----- Provided data -----

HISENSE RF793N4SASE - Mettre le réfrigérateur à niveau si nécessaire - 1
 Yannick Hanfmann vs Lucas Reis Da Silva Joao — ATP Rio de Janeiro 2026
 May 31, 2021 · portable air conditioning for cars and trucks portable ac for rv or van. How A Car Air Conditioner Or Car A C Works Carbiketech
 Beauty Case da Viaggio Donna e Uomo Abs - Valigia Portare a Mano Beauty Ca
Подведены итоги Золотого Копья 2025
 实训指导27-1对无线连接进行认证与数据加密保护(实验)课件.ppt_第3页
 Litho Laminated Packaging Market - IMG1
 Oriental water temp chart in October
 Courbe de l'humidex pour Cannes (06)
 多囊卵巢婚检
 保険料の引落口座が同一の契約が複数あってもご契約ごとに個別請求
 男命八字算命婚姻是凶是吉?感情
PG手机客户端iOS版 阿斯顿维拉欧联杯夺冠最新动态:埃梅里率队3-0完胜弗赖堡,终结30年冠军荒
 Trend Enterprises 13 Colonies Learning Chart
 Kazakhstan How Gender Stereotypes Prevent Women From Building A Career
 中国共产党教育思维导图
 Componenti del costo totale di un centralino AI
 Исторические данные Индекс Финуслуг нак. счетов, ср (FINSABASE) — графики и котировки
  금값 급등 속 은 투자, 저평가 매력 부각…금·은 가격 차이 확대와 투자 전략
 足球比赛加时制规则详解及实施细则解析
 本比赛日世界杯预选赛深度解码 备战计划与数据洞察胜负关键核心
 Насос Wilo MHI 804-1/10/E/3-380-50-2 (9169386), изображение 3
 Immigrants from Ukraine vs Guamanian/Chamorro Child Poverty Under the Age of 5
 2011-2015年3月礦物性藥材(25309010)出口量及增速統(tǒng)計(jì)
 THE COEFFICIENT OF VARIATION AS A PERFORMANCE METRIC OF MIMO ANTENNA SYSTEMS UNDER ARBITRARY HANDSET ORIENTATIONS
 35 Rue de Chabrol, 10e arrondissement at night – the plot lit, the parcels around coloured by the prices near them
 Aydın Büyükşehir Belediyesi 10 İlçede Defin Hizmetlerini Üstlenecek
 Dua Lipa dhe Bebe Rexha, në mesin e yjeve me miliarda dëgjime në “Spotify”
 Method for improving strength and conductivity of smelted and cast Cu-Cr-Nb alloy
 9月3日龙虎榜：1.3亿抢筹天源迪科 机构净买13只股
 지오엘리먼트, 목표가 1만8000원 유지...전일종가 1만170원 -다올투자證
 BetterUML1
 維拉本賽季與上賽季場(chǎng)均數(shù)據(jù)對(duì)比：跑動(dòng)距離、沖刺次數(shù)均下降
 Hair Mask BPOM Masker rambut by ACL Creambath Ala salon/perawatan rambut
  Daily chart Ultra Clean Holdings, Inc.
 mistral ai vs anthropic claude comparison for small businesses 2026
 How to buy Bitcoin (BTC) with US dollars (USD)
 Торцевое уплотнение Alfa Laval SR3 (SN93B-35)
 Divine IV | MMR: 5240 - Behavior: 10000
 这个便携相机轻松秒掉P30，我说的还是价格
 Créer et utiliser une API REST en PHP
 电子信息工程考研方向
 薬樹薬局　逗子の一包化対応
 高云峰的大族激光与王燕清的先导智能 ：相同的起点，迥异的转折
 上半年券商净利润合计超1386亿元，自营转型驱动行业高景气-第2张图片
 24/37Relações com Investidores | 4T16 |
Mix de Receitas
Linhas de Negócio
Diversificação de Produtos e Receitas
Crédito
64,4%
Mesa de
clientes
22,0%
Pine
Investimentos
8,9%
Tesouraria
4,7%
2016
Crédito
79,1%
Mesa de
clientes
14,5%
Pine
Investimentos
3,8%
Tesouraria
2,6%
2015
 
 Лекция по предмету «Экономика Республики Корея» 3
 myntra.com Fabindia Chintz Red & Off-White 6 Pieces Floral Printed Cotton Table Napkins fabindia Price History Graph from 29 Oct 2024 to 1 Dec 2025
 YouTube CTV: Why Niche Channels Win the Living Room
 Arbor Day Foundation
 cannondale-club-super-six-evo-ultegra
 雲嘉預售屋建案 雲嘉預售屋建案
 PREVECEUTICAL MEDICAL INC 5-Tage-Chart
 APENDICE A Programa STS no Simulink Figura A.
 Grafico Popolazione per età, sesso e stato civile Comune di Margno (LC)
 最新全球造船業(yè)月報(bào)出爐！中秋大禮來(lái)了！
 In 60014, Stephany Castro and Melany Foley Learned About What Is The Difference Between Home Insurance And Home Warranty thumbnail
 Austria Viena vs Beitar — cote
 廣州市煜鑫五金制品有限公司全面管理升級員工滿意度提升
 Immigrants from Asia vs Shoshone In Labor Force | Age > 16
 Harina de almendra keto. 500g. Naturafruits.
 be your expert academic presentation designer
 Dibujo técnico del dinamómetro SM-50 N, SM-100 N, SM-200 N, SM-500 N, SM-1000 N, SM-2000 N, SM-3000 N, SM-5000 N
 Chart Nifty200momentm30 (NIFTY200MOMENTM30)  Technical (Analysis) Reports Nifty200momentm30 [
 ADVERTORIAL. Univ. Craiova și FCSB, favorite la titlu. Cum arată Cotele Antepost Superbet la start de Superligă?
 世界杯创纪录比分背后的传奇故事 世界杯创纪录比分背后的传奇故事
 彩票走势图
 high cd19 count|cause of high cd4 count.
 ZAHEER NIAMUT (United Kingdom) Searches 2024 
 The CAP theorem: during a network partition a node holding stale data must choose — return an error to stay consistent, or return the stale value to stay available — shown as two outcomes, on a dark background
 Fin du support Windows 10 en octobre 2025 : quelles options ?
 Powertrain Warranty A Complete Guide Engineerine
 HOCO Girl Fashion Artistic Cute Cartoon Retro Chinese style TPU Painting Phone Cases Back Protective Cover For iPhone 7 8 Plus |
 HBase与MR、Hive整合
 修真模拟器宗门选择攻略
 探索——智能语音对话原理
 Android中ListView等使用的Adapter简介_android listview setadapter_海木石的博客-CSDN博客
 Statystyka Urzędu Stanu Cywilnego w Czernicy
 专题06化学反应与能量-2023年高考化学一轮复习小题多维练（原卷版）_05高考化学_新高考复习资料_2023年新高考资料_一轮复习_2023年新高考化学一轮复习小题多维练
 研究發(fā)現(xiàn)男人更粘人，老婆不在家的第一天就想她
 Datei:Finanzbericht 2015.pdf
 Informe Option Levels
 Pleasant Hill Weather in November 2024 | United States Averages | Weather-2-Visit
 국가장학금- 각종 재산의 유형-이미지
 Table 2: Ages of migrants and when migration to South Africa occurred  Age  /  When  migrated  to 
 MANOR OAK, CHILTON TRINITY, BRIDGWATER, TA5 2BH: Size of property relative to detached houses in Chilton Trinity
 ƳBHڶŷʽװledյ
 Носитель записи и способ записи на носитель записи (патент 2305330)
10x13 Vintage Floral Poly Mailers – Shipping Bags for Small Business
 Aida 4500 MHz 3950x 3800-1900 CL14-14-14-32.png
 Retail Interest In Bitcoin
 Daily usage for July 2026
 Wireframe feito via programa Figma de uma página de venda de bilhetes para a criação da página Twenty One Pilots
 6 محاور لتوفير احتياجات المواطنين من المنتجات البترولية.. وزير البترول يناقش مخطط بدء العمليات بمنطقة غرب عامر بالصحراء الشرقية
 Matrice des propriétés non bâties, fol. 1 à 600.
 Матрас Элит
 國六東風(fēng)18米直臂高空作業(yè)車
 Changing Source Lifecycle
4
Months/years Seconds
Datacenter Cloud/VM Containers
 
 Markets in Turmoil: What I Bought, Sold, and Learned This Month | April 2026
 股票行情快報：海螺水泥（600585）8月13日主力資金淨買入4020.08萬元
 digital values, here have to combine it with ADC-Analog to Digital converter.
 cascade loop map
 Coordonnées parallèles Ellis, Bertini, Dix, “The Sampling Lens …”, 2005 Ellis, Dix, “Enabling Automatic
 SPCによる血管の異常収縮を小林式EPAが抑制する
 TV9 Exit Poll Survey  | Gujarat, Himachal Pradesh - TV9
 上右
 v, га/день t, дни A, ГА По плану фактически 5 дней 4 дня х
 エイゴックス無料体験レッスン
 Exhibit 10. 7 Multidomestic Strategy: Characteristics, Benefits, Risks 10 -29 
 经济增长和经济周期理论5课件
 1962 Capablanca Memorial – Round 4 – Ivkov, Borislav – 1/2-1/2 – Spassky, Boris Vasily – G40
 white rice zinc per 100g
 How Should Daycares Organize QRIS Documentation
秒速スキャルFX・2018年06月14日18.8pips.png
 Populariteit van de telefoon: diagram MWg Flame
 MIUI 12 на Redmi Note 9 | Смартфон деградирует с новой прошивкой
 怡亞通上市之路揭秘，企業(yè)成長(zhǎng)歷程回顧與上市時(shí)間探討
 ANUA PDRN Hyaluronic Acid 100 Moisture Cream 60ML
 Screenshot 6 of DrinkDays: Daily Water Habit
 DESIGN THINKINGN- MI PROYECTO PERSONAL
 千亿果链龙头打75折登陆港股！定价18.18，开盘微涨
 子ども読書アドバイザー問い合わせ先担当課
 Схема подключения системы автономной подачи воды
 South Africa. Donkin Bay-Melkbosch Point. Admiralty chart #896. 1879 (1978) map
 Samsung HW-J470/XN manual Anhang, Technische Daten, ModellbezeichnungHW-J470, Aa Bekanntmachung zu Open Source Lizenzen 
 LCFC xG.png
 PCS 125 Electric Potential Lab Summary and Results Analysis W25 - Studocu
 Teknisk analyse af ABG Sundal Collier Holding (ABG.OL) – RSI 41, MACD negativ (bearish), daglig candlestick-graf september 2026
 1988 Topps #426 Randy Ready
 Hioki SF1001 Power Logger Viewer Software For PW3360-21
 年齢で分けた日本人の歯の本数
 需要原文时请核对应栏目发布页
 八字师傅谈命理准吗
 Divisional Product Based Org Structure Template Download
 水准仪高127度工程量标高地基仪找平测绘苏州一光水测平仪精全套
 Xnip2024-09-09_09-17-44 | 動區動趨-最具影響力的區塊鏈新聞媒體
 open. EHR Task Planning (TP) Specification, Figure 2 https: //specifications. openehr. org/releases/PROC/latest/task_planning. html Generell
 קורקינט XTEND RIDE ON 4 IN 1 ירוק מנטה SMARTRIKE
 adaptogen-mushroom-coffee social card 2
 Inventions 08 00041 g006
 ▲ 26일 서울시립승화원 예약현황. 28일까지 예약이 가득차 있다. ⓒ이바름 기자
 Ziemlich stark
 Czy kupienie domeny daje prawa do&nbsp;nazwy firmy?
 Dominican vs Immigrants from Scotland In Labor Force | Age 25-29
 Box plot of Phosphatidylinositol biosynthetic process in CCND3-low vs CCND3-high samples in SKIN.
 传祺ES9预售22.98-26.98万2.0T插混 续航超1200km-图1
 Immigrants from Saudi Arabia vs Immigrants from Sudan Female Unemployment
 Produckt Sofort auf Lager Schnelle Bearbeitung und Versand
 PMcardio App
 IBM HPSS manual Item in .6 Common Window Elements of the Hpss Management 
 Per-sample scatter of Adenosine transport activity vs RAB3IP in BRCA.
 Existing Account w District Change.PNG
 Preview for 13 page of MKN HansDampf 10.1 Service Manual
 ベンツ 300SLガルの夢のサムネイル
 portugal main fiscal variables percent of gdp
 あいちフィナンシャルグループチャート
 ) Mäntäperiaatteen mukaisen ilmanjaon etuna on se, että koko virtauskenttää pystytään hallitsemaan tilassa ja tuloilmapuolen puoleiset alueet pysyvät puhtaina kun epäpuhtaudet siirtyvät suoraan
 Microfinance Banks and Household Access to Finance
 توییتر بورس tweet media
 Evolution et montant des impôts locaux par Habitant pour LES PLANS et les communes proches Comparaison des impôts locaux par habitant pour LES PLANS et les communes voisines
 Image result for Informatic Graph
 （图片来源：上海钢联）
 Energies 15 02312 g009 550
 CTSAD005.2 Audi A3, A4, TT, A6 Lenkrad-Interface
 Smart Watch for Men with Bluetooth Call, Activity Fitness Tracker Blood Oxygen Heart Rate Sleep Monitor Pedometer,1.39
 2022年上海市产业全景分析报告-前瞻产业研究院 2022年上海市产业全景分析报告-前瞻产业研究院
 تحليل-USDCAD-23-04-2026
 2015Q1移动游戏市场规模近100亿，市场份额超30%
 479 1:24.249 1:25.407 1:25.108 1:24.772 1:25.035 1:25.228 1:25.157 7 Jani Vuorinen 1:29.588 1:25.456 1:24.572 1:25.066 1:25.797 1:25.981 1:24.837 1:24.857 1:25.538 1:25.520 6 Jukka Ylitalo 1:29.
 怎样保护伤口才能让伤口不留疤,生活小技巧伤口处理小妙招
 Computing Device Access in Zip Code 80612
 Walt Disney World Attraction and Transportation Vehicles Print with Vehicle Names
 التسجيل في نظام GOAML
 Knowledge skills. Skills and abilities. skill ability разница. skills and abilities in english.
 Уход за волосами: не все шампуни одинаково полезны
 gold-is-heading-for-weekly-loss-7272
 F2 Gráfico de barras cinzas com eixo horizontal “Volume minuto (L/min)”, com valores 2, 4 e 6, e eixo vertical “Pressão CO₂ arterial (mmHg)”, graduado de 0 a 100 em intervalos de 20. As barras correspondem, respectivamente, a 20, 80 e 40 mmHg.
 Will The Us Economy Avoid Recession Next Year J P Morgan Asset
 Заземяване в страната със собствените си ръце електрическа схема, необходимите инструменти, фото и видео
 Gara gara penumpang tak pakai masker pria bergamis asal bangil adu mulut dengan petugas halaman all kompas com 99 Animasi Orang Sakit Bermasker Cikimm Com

-----

▸ **Exercise requirements**
Your answer should consist of the lines from the line with "Changing Source Lifecycle" to the line with "エイゴックス無料体験レッスン" above, repeated exactly, both ends included.

▸ **Exercise solution**
 Changing Source Lifecycle
4
Months/years Seconds
Datacenter Cloud/VM Containers
 
 Markets in Turmoil: What I Bought, Sold, and Learned This Month | April 2026
 股票行情快報：海螺水泥（600585）8月13日主力資金淨買入4020.08萬元
 digital values, here have to combine it with ADC-Analog to Digital converter.
 cascade loop map
 Coordonnées parallèles Ellis, Bertini, Dix, “The Sampling Lens …”, 2005 Ellis, Dix, “Enabling Automatic
 SPCによる血管の異常収縮を小林式EPAが抑制する
 TV9 Exit Poll Survey  | Gujarat, Himachal Pradesh - TV9
 上右
 v, га/день t, дни A, ГА По плану фактически 5 дней 4 дня х
 エイゴックス無料体験レッスン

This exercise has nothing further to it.